Work task: Scan the entries for lines with "Western" and say how many there are, with nothing more.

Exercise inputs:
+ + + + + + +
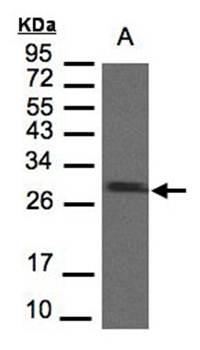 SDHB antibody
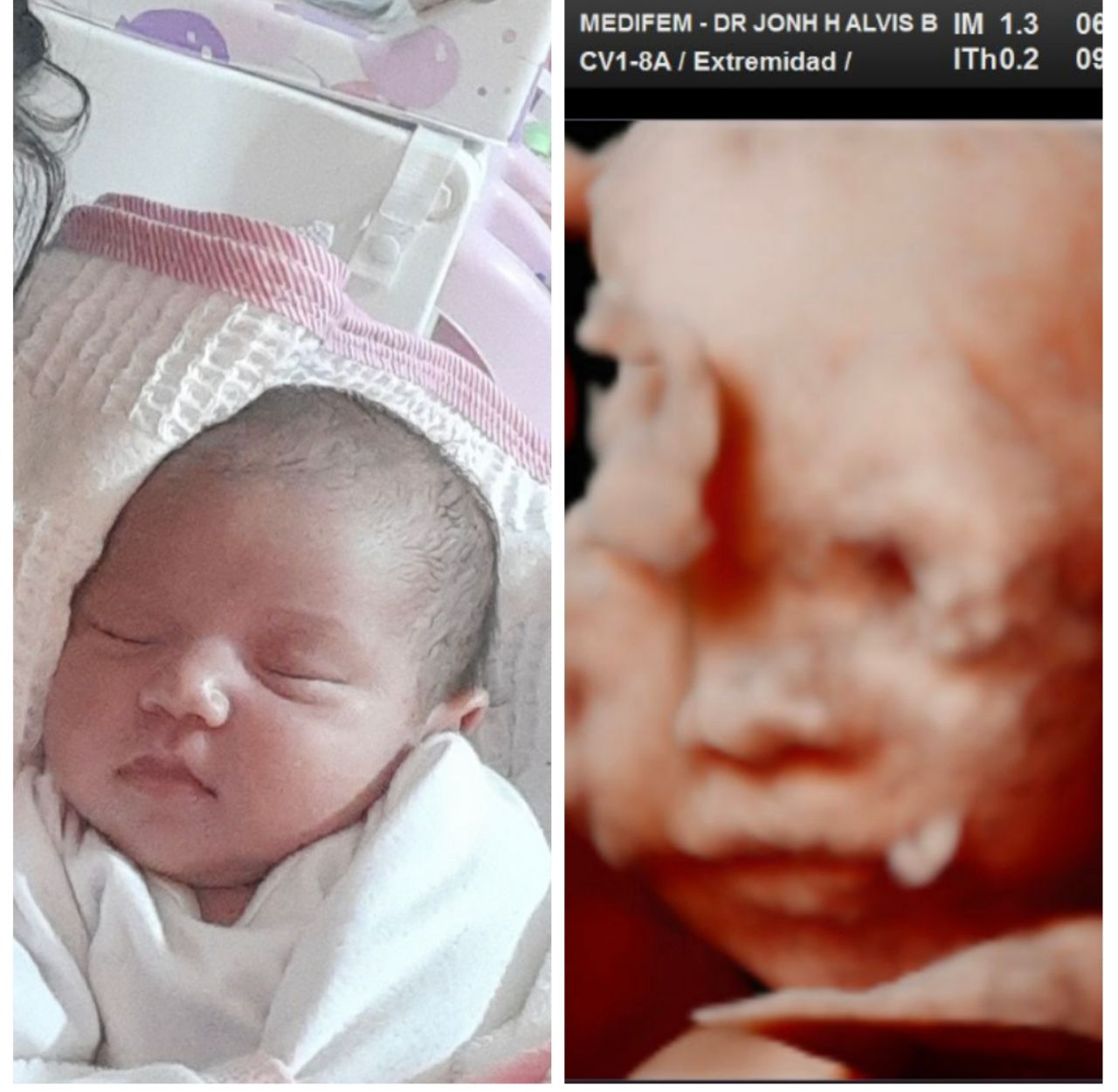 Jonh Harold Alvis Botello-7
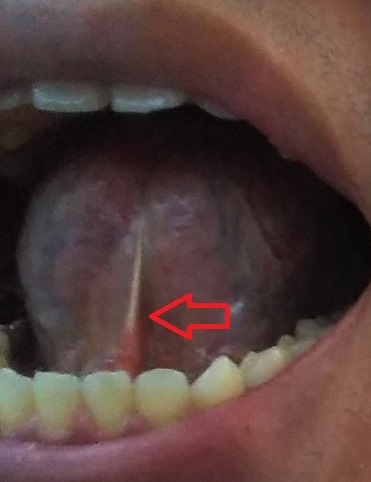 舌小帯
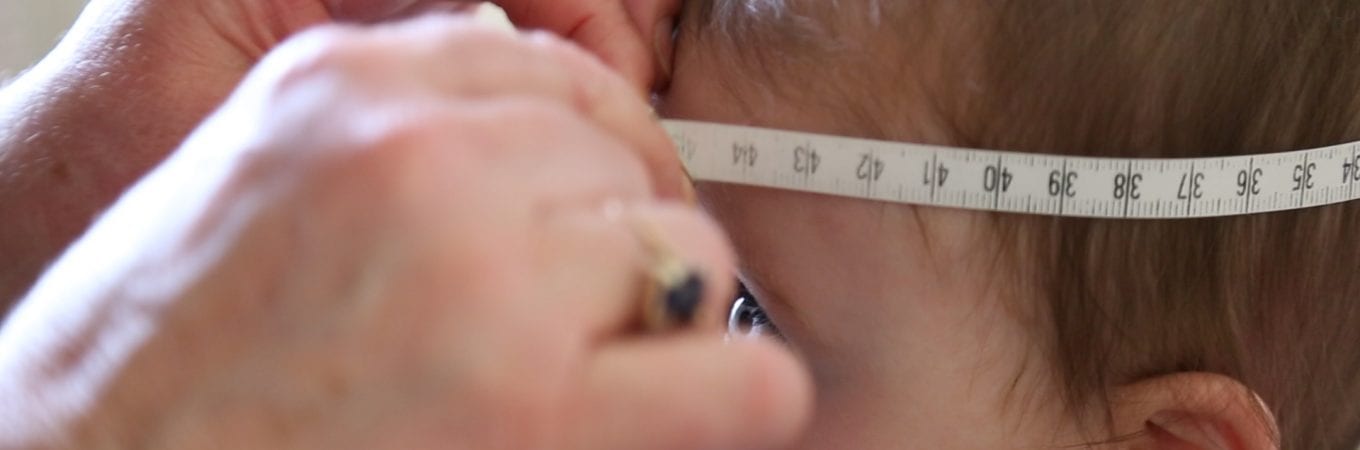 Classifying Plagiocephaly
+ + + + + + +
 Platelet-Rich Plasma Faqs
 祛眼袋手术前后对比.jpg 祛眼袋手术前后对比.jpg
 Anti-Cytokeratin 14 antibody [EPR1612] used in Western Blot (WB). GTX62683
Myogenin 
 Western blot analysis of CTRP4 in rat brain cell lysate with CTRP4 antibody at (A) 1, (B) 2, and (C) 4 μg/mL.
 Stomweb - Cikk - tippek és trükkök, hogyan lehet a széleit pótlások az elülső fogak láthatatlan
+ + + + + + +
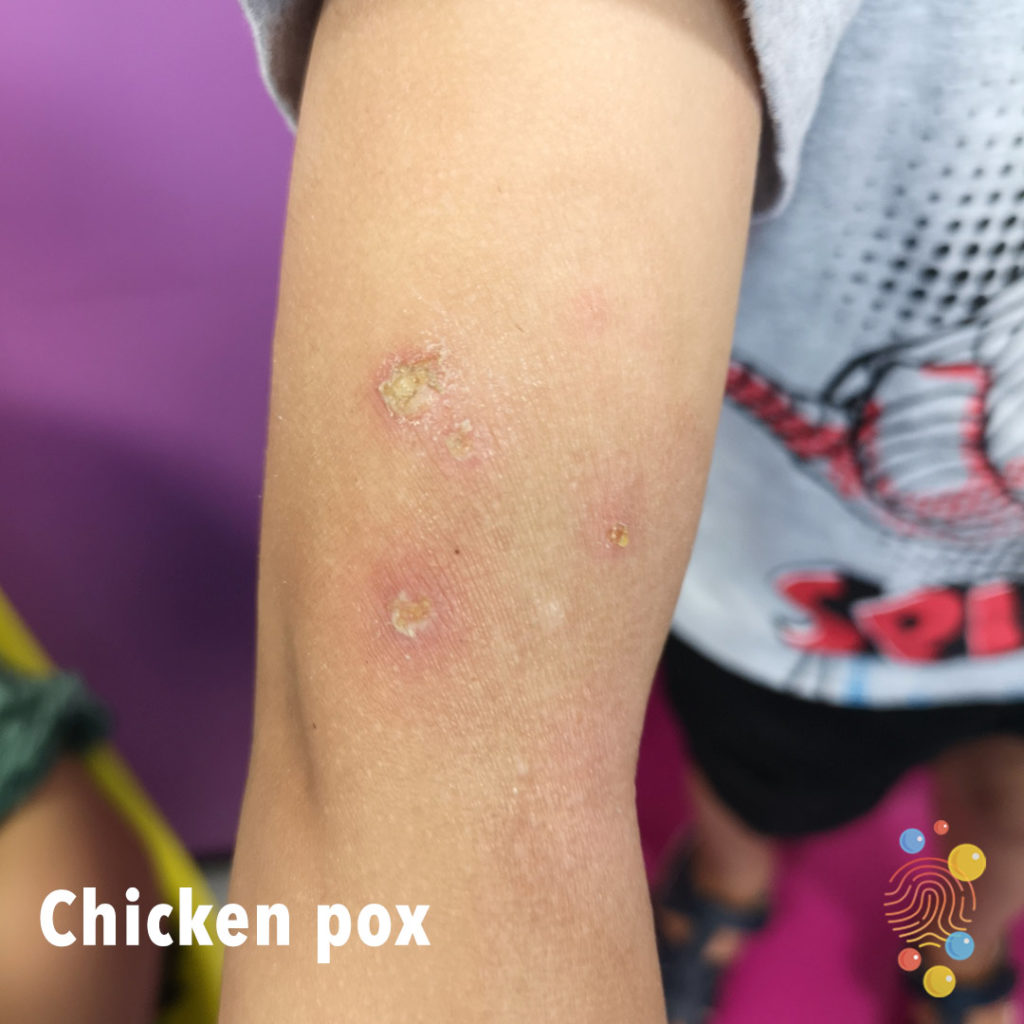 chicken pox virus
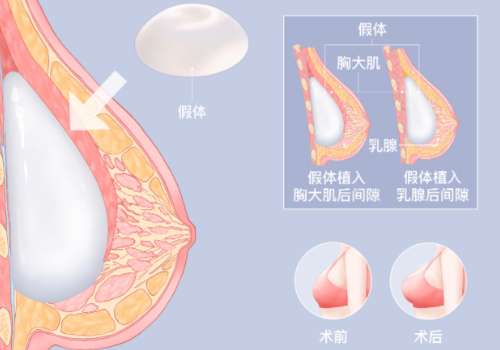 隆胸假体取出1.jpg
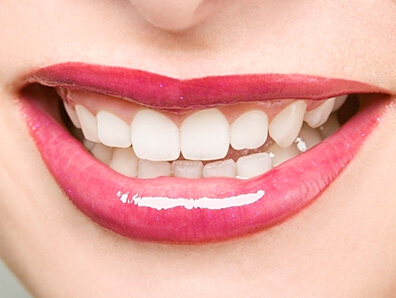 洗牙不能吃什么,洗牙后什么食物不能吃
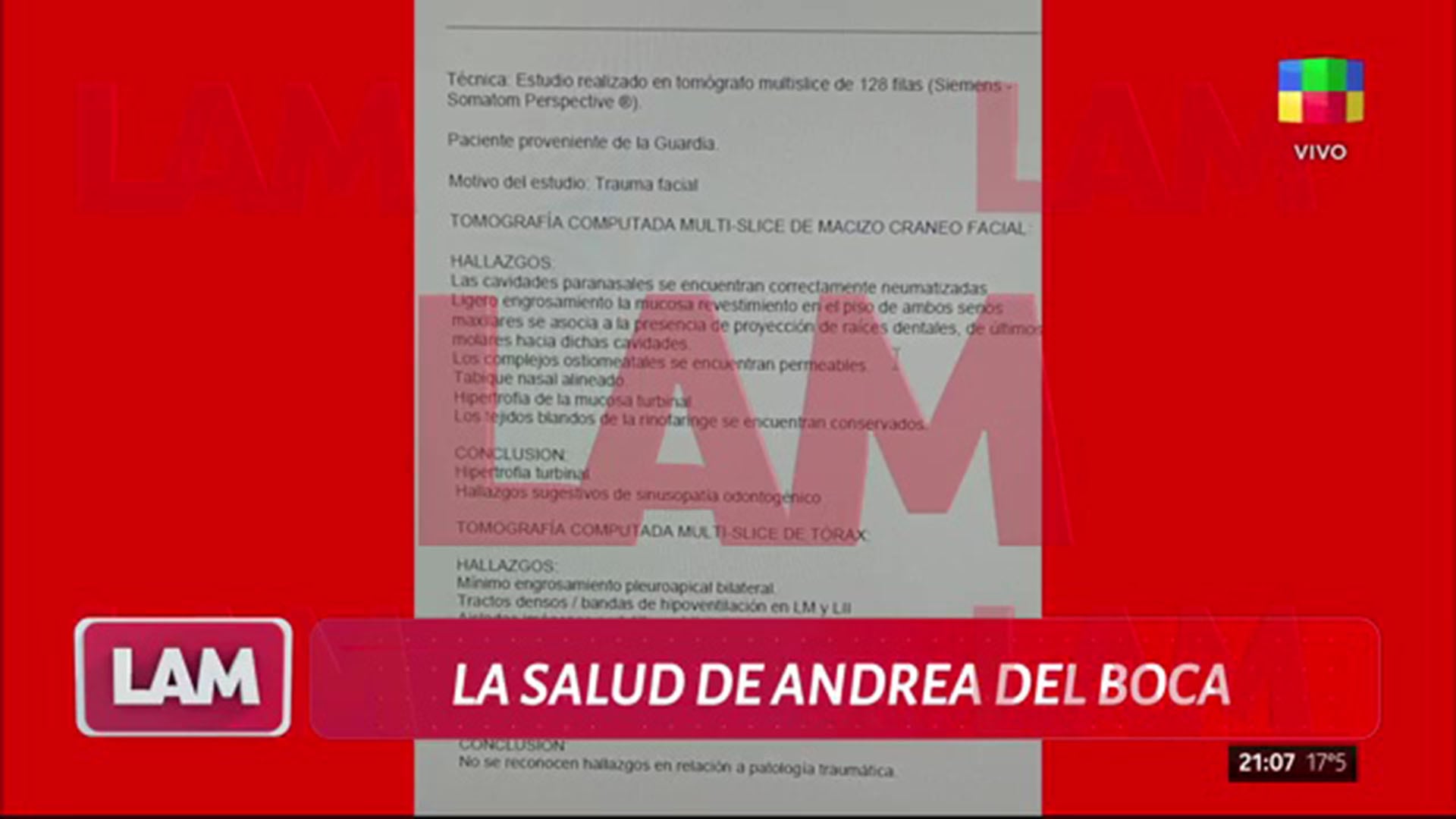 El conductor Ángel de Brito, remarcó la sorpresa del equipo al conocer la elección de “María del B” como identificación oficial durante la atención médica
+ + + + + + +
Result of the exercise: 2